18 Jan Writing the Environment: A Workshop with Prof Tom Griffiths (16 February 2018, Sydney)
10am-12noon
Level 24, 123 Pitt Street, Sydney
Macquarie University City Campus
In conjunction with a public lecture as part of the HUMAN NATURE Sydney Environmental Humanities Lecture Series (15 February 2018), multi-award winning author Professor Tom Griffiths will be leading a writing workshop on 16 February 2018. The purpose of the workshop is to discuss techniques and approaches to writing non-fiction, with special attention to the challenges and opportunities of integrating the environment into historical narratives.
The workshop is open to those working in the Environmental Humanities. Preference will be given to HDR students and academics from the University of New South Wales, the University of Sydney, Western Sydney University, and Macquarie University.

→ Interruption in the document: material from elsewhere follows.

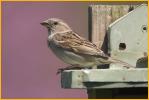 Female <BR>House Sparrow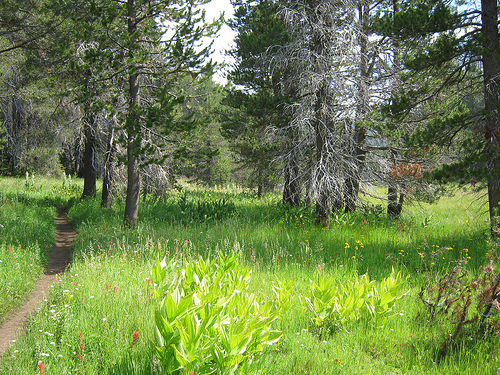 Yosemite McGurk Meadow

In preparation for the discussion, participants will be asked to read some selected work on this topic, which will be circulated one week prior to the workshop. The workshop is free of charge but places are strictly limited and participants will be selected based on a 100 word expression of interest. Please submit your EOI here by 1 February 2018 (via google forms): https://goo.gl/forms/qpnFh5AJELAH1cQ12
The Sydney Environmental Humanities Lecture Series is jointly funded and coordinated by the University of New South Wales, Macquarie University, Western Sydney University, the University of Sydney and the Australian Museum.

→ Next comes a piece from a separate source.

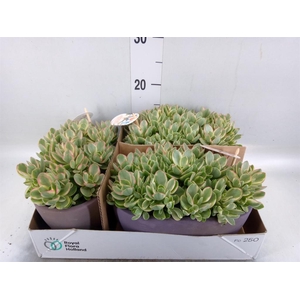 Crassula   ...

Professor Tom Griffiths is the author of Hunters and Collectors: The Antiquarian Imagination in Australia (1996), Forests of Ash: An Environmental History (2001) and Slicing the Silence: Voyaging to Antarctica (2007). His most recent book is The Art of Time Travel: Historians and their Craft (2016), which was awarded the 2017 Ernest Scott Prize for History and ACT Book of the Year Award. Tom is the W K Hancock Professor of History in the Research School of Social Sciences at the Australian National University, Chair of the Editorial Board of the Australian Dictionary of Biography and Director of the Centre for Environmental History at ANU. His books and essays have won prizes in history, science, literature, politics and journalism including the Douglas Stewart Prize for Non-Fiction, the Eureka Science Book Prize and the Prime Minister’s Prize for Australian History. In 2014 he was appointed an Officer of the Order of Australia.